Press Releases: 2013


AJAX: November 26, 2013:

Automodular Corporation (“Automodular”) announces the addition of Parsa Kiai to its Board of Directors. Mr. Kiai resides in New York, USA and is the Managing Partner and Portfolio Manager of Steamboat Capital, LLC (“Steamboat”). Automodular was approached earlier this year by Mr. Kiai and Bo Shan of California, USA, Founder and Portfolio Manager of Gobi Capital, LLC (“Gobi”). On a combined basis, Steamboat and Gobi hold 1,345,800 shares, representing approximately 6.9% of the outstanding common shares of Automodular. In connection with Mr. Kiai joining the board, he and Mr. Shan as well as Steamboat and Gobi have entered into customary standstill arrangements expiring on the close of the Company’s 2015 annual meeting unless earlier terminated, including in the event that Mr. Kiai resigns from the board. Mr. Kiai brings to the Board considerable US investment experience and contacts.

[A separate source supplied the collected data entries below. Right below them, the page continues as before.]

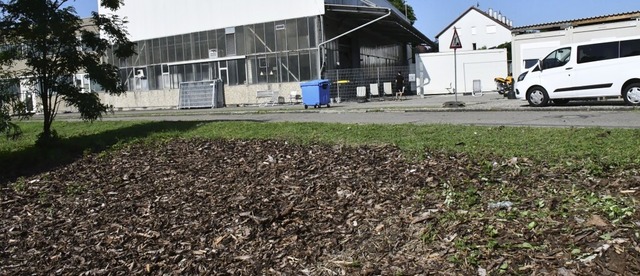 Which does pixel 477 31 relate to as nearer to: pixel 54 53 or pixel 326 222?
pixel 54 53

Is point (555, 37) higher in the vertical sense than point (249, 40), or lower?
lower

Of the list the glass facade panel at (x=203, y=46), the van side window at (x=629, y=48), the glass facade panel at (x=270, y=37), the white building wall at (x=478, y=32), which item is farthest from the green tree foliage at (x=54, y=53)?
the white building wall at (x=478, y=32)

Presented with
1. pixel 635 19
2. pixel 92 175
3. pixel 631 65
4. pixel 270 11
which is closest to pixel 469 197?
pixel 92 175

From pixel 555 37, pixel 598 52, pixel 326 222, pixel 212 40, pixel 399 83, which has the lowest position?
pixel 326 222

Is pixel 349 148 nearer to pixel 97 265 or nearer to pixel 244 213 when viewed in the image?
pixel 244 213

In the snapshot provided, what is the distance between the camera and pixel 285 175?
6707 mm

Automodular Corporation is a supplier of sub-assembly, sequencing and transportation services to the automotive industry – Ford Motor Company’s Oakville Assembly Plant. The Company has two operating facilities and employs approximately 525 people.

For further information, contact:

Christopher S. Nutt
President and CEO
(905) 619-4202

This press release contains forward-looking statements that involve a number of risks and uncertainties. Among the important factors that could cause actual results to differ materially from those indicated by such forward-looking statements are market and general economic conditions and the risk factors detailed from time to time in the Company’s periodic reports filed with the Canadian securities regulatory authorities and on SEDAR at Readers are cautioned not to rely on forward-looking statements. Specific forward-looking information in this document includes that Ford intends to insource the work currently being performed by Automodular in the fourth quarter of 2014, that Automodular will enter into commercial negotiations with Ford and the CAW once the transition date is known, that Automodular expects the total incremental cost of closing its Oakville facilities and severing its workforce to be $8.0 million, that we expect the majority of the residual exit costs will be recorded in 2014, that Automodular does not expect that the payment of dividends in accordance with our policy will impair our ability to secure additional contracts or hamper any potential acquisitions, that we are expecting examinations for discovery with respect to the GM litigation to occur at the beginning of 2014, that Automodular expects to generate positive earnings and cash flows over the remaining contract period and that Automodular is continuing to look for opportunities to leverage its core skills by securing contracts organically or through acquisitions. Except as required under continuous disclosure obligations, the Company undertakes no obligation to publicly update or revise any forward-looking statements, whether as a result of new information, future events or otherwise. Automodular does not provide financial outlooks.